SOURCE DATA:
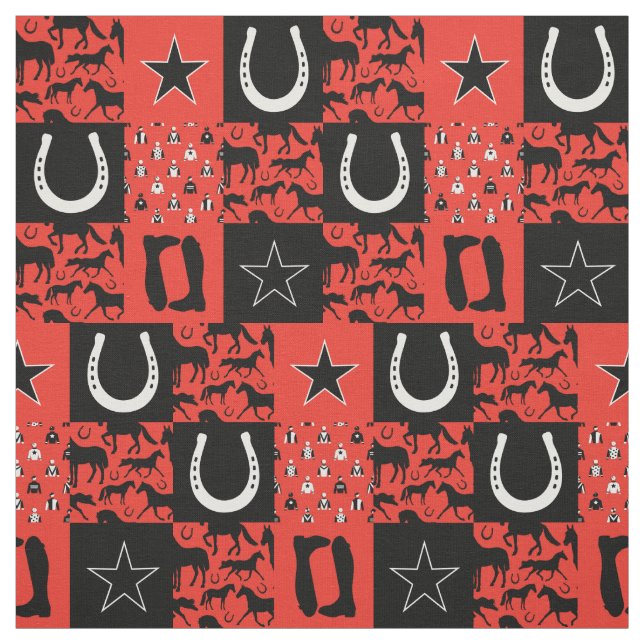 Jockey Silks Horse Racing Equestrian Pattern Fabric (Swatch)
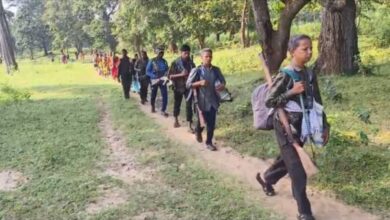 The image shows around 140 Maoists on their way to surrender before Chhattisgarh chief minister Vishnu Deo Sai on Friday, October 17, 2025.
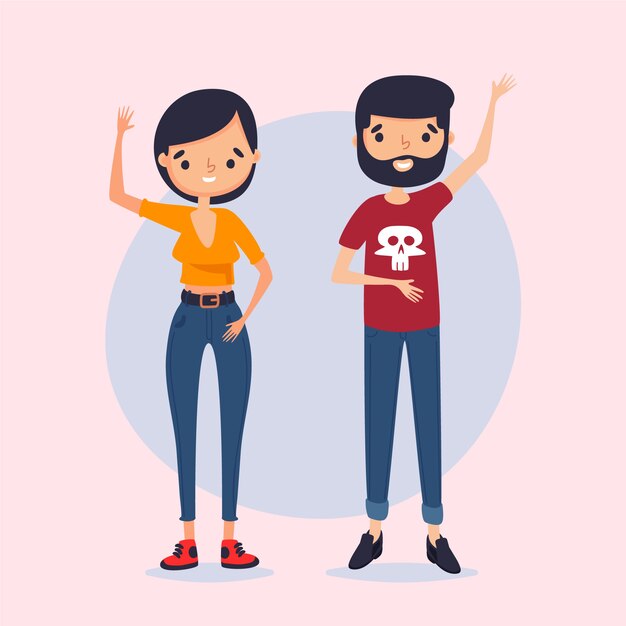 Jóvenes agitando las manos
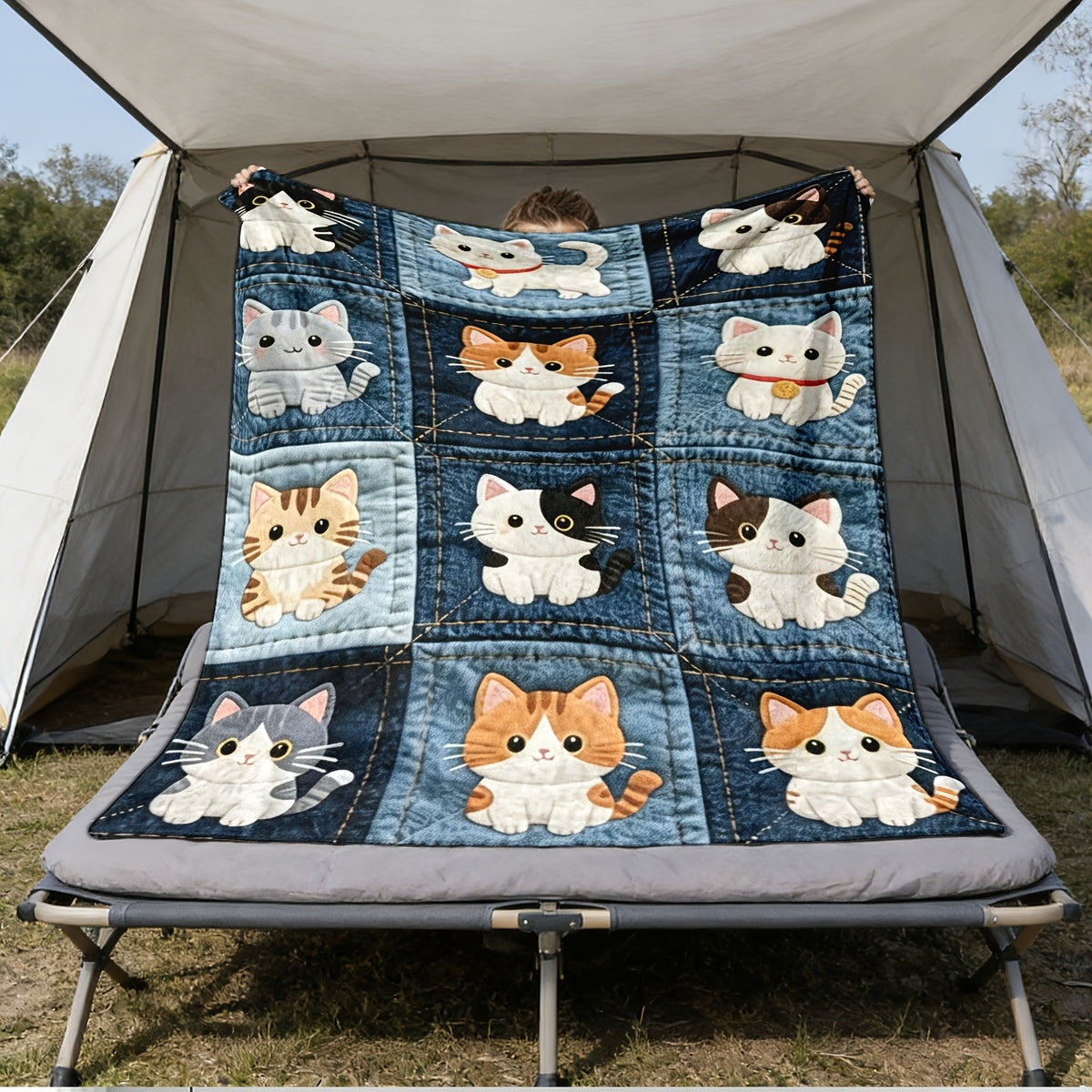 1pc Imitation Denim Patchwork Cute Cat Print, 2D Printed Ultra-Soft Flannel Blanket, Premium Plush Blanket, Lightweight Bed Blanket, Multi-Scene Use, Can Be Used as a Throw Blanket, Air Conditioning Blanket, Shawl Blanket, Travel Blanket, an Ideal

PROBLEM TO SOLVE: Reproduce the lines above exactly, please, but not the pictures in them.

WRITTEN RESPONSE:
 Jockey Silks Horse Racing Equestrian Pattern Fabric (Swatch)
 The image shows around 140 Maoists on their way to surrender before Chhattisgarh chief minister Vishnu Deo Sai on Friday, October 17, 2025.
 Jóvenes agitando las manos
 1pc Imitation Denim Patchwork Cute Cat Print, 2D Printed Ultra-Soft Flannel Blanket, Premium Plush Blanket, Lightweight Bed Blanket, Multi-Scene Use, Can Be Used as a Throw Blanket, Air Conditioning Blanket, Shawl Blanket, Travel Blanket, an Ideal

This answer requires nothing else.